Pour connaître la réponse, il suffit de visiter Québec. Certes, la taille et la densité de population de la Capitale nationale sont moindres que celles de la métropole. Mais ses quartiers centraux – Vieux-Québec, Montcalm et Limoilou – ont un bâti (duplex, triplex) et une population au kilomètre carré équivalente à celle de plusieurs quartiers centraux d’ici. Aussi, bien qu’il n’existe pas d’indice de propreté comme tel, on peut avancer, à l’œil, que Québec est plus propre que Montréal. Et cela, alors que les résidants n’ont pas à déplacer leur voiture deux fois la semaine.
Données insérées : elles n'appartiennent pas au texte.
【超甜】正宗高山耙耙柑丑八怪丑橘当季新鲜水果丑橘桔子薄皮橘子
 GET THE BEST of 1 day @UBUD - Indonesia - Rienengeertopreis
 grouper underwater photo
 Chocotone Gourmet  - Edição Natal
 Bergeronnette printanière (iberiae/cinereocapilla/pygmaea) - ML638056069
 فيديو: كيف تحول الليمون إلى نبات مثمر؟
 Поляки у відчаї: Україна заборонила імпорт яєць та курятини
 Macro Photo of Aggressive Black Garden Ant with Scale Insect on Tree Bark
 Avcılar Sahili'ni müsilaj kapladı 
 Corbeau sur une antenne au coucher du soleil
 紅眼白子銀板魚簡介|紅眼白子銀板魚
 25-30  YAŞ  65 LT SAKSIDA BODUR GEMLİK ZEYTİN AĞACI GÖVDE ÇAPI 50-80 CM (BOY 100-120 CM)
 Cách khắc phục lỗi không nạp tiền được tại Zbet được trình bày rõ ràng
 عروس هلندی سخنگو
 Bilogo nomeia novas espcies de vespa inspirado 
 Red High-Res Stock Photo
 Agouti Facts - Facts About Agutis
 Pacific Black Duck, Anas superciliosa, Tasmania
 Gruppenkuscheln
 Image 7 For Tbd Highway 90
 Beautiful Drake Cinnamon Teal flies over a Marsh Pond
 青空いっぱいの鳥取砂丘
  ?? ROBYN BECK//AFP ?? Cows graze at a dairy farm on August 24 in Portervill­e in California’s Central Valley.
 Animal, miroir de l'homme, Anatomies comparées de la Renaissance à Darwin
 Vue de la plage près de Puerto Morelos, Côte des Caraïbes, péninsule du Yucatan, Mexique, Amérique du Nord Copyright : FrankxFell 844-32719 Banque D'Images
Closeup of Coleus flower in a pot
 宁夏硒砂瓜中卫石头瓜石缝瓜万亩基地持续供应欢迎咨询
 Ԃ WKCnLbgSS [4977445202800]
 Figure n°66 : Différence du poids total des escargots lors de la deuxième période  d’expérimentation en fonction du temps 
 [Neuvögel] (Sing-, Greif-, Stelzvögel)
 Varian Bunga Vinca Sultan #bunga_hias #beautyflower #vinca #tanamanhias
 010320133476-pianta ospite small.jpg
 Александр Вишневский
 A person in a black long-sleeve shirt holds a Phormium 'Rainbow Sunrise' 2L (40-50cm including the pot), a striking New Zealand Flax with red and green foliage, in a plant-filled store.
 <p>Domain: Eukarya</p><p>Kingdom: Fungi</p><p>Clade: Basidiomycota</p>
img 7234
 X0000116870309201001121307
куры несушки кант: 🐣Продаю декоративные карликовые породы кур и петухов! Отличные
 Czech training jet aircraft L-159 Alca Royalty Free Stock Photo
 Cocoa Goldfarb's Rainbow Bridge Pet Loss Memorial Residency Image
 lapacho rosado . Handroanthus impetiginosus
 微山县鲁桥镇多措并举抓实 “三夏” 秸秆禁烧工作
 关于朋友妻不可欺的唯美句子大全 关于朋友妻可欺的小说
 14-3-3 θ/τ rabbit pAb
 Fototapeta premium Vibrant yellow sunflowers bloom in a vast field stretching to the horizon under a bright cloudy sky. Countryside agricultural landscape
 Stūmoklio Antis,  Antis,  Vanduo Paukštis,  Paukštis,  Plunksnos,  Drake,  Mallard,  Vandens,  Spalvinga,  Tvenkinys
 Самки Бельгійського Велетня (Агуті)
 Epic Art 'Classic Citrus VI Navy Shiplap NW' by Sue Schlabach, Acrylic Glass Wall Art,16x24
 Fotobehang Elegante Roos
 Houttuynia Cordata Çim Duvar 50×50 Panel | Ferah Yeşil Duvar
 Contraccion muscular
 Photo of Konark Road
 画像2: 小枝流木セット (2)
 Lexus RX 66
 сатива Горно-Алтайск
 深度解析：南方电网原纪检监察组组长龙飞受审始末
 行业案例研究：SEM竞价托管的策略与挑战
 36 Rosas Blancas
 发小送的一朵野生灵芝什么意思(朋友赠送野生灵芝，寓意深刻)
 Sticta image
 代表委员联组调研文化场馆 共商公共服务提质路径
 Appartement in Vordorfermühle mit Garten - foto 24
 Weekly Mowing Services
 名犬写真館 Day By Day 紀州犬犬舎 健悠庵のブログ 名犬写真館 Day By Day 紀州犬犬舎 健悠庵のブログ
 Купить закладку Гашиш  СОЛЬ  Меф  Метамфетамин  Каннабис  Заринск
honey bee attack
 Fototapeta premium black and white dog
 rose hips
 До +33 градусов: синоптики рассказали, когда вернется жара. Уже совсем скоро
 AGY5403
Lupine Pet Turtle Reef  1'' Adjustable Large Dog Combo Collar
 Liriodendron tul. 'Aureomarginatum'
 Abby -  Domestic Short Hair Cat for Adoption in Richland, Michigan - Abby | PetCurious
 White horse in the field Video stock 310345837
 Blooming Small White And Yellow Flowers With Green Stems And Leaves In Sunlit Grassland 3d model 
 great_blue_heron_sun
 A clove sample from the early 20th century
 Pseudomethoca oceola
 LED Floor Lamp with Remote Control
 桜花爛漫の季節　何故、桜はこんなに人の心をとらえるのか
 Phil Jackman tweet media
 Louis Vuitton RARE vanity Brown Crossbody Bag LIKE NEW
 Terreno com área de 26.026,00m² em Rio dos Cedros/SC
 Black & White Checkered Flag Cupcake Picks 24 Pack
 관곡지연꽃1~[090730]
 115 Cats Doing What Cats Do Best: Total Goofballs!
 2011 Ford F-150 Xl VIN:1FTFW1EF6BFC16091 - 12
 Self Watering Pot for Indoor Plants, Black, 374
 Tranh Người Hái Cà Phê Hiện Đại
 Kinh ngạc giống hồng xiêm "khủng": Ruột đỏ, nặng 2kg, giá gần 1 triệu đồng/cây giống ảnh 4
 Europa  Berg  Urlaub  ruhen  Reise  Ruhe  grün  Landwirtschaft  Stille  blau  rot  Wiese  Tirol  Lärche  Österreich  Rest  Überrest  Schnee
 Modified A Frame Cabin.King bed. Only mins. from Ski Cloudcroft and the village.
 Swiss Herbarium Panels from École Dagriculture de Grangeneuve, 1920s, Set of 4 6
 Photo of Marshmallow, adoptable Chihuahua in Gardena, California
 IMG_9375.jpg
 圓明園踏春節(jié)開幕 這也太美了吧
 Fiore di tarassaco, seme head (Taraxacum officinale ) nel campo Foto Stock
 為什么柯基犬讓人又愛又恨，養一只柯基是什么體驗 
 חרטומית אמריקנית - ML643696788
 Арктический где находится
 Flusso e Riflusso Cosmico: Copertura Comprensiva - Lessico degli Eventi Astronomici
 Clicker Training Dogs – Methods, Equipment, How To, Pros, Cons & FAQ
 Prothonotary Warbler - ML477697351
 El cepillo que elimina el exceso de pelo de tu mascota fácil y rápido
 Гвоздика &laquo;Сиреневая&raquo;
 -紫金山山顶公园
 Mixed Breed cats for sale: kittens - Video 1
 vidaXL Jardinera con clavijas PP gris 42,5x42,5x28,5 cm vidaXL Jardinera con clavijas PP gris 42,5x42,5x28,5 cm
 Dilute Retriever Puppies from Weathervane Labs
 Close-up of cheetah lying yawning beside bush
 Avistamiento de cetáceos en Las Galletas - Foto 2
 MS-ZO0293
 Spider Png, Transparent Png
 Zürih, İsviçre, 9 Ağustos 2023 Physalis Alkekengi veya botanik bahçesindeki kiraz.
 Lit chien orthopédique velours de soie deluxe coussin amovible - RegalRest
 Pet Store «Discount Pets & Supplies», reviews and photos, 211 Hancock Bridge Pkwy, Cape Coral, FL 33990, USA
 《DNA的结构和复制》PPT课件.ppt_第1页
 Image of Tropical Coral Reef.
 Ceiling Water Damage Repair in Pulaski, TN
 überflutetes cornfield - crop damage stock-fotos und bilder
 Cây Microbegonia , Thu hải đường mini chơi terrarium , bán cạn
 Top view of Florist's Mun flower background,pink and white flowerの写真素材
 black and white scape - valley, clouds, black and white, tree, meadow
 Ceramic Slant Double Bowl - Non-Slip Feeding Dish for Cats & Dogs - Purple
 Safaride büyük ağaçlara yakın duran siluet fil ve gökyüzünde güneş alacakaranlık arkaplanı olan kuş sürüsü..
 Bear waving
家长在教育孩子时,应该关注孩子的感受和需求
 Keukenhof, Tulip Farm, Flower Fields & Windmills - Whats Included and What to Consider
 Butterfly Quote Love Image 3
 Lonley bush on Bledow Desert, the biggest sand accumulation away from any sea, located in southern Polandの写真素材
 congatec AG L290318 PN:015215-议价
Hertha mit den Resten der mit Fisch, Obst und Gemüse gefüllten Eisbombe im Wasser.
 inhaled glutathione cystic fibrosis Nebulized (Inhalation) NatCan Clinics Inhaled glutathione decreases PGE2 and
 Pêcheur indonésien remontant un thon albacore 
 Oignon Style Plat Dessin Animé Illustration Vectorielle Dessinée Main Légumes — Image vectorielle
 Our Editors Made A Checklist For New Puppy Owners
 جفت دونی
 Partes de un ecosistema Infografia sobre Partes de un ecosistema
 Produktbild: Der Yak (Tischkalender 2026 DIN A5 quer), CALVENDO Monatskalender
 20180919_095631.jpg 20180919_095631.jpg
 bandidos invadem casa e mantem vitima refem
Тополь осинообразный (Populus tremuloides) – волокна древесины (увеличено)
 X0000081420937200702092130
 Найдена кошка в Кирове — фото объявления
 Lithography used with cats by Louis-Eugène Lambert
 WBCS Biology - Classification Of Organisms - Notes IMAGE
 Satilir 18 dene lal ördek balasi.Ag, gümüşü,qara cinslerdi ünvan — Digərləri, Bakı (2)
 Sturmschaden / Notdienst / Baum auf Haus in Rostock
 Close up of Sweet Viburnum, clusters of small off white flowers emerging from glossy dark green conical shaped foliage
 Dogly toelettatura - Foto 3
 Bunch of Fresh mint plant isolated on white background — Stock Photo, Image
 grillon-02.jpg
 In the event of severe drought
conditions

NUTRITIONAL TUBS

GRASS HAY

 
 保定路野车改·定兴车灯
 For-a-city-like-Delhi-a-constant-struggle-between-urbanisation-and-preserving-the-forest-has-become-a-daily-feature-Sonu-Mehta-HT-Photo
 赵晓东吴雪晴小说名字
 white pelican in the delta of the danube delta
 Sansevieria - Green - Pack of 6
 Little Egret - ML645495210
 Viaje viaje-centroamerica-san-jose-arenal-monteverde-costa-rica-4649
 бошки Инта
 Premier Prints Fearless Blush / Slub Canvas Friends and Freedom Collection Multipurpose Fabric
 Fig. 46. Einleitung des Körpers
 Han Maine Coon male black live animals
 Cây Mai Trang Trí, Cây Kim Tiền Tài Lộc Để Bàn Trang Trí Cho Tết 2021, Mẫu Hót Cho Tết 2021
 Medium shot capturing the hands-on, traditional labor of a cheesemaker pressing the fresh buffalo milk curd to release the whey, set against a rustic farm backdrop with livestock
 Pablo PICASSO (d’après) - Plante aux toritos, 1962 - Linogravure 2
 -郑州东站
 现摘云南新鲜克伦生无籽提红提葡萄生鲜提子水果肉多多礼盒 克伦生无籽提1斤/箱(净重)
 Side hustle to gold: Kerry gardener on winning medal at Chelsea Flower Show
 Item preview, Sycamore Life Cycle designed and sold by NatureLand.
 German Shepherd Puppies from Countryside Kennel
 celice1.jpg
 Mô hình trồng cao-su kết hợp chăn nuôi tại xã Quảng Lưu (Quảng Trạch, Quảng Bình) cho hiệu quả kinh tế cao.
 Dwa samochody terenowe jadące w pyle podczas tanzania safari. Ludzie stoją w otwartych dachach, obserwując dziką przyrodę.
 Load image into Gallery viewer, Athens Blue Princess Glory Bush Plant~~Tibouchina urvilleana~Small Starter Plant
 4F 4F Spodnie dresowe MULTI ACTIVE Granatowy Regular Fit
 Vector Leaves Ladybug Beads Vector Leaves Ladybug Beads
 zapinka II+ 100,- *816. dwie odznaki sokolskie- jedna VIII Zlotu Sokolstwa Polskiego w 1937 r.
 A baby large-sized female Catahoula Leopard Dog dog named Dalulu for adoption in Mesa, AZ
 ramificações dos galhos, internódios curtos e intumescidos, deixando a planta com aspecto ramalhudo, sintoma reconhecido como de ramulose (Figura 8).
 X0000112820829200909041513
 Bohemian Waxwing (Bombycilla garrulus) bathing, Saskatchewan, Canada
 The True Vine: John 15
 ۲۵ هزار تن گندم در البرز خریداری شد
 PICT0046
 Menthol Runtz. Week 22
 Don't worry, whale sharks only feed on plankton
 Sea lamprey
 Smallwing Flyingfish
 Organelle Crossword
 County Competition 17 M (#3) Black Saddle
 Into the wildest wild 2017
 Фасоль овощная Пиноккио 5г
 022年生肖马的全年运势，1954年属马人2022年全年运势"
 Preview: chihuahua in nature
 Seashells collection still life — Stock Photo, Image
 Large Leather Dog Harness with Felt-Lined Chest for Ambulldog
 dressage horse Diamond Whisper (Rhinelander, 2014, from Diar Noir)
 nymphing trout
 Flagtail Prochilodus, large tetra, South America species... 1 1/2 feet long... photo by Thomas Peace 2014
Le plus surprenant avec ce nouveau « mystère Québec » est qu’il ne repose pas sur une stratégie particulière. Une discussion avec le superviseur des travaux publics de l’arrondissement de La Cité-Limoilou, qui couvre l’ensemble des quartiers centraux, pointe plutôt une série d’ajustements tirés tout droit du sens commun des horaires de service ajustés pour que les équipements roulants circulent à l’aube, avant le trafic, des équipes complémentaires à pied, balai à la main, un produit ajouté à l’eau des camions-citernes pour éliminer l’odeur d’urine des chevaux.
En somme, serait-il possible qu’à Montréal, on demande à des milliers de citoyens de déplacer leur véhicule… pour rien ? La réponse est fort probablement oui. À preuve, lorsqu’en 2006 l’arrondissement de Ville-Marie a réduit le nombre de passages de camion-balai de moitié, demandant aux citoyens de déplacer leur automobile deux fois la semaine plutôt que quatre (lundi, mardi, jeudi et vendredi)… les rues sont devenues plus propres. Pourquoi ? Parce que cette décision a coïncidé avec l’introduction des sacs transparents de recyclage, l’ancien système de bacs faisant en sorte que le contenu partait au vent avant qu’il ne soit ramassé. Ainsi, la meilleure stratégie pour nettoyer les rues est d’éviter qu’on y répande des déchets, le passage de balayeuses étant largement inefficace.
Montréal est aujourd’hui une ville décentralisée. Ceci amène son lot d’inconvénients, mais aussi quelques avantages structurels importants. Le premier est que les arrondissements peuvent devenir autant de laboratoires où l’on arrête de faire les choses simplement « parce que cela se fait depuis toujours », et ainsi créer une véritable culture de l’innovation et de l’émulation entre les différents quartiers. Le second est que la gouvernance de proximité doit forcément pousser la Ville à devenir davantage empathique face à sa population. Le jour où, quelque part, quelqu’un décidera d’éliminer l’interdiction de se stationner deux fois par semaine pour proposer une solution de rechange au balai mécanique, on saura alors que Montréal commence enfin à profiter de sa nouvelle organisation.